In the last six years or so there has been a flurry of reports of AC corrosion on buried pipelines. Statistics are difficult to acquire, mainly because the link between AC and corrosion has not always been made. What we do know is that within the last 11 years more than 20 AC corrosion incidents have been reported in Europe with the probability that many others have gone unrecognised.

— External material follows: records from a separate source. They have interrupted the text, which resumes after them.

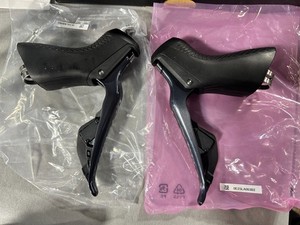 Shimano Ultegra Di2 ST-R8170 Shifter / Hydraulic Brake Lever - CSH10647 | TPC - The Pro's Closet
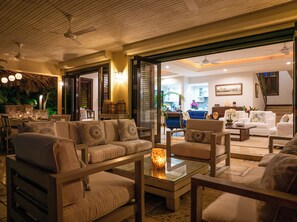Terrace/patio - Beach Front Villa W/Pool/Staff, in Gated Community W/Tennis/Gym (Montego Bay)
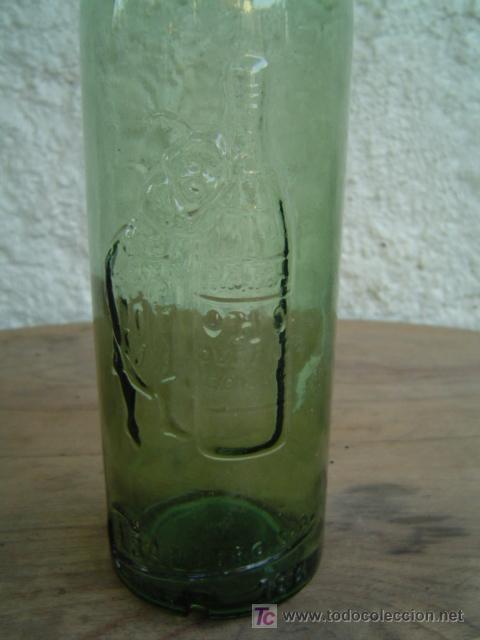 Botellas antiguas: BOTELLA CO&Ntilde;AC CABALLERO LETRAS EN RELIEVE - Foto 2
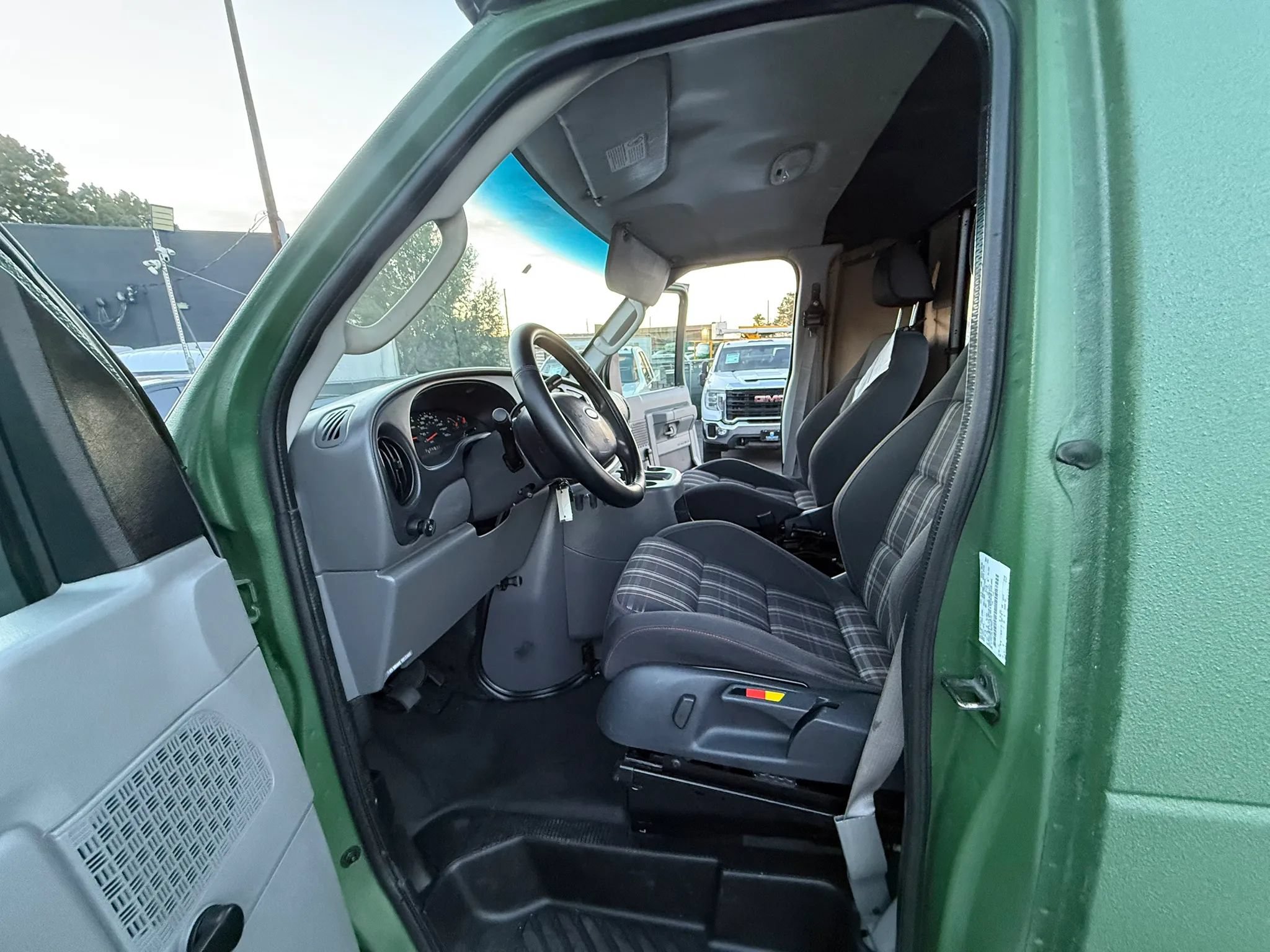 Used 2006 Ford E-250 and Econoline 250 RWD image 30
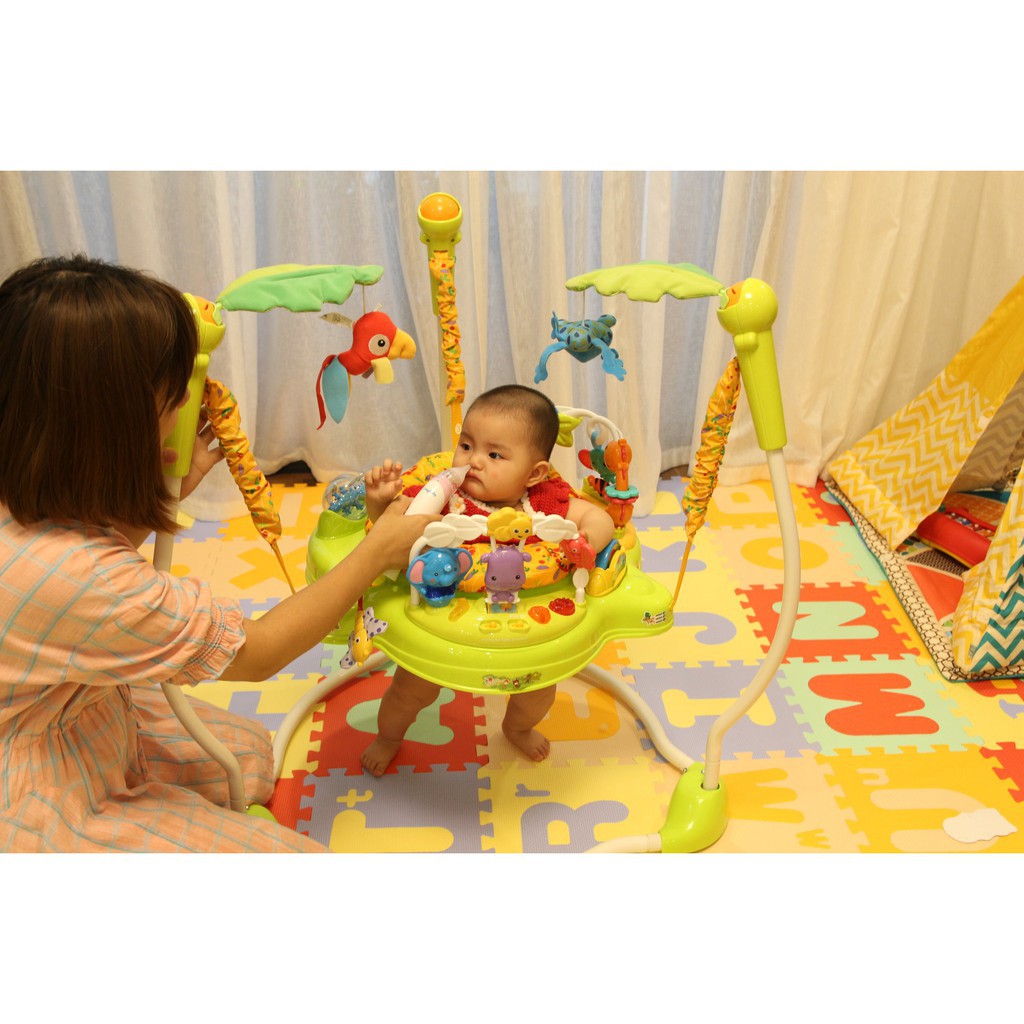 Ghế nhún nhảy tập đứng dành cho trẻ em có đèn, nhạc và thanh đồ chơi Konig Kids - 63569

There is every likelihood the risks from AC corrosion will increase because of greater demand for electricity, with a consequent increase in the power and installation of overhead powerlines, and better coating quality on buried pipelines.

Electric shock

External corrosion on buried pipelines is caused by a current exchange between the soil and the pipe. In the case of AC corrosion the current magnitude and direction will be dependent upon the induced voltage. The induced voltage is, in its turn, due to a number of factors including the distance between the phase cables, the distance between the overhead powerlines and the pipe, the current flowing in the overhead power line and the isolation resistance of the pipeline coating.

As a rule of thumb, these characteristics are relevant for overhead lines carrying >110kV, when the distance between the overhead lines and the pipe is < 150m, and the pipe is at least 2,000m long.

Without going into detail of the method of induction it will be sufficient to say the AC is induced by the fluctuating magnetic field associated with the current flow in the overhead lines. The voltage induced is influenced by soil resistivity, pipeline coating, and pipeline wall thickness and diameter. Amongst other things the amount of current flow at a coating defect will depend on the size of the coating defect and the value of the induced voltage.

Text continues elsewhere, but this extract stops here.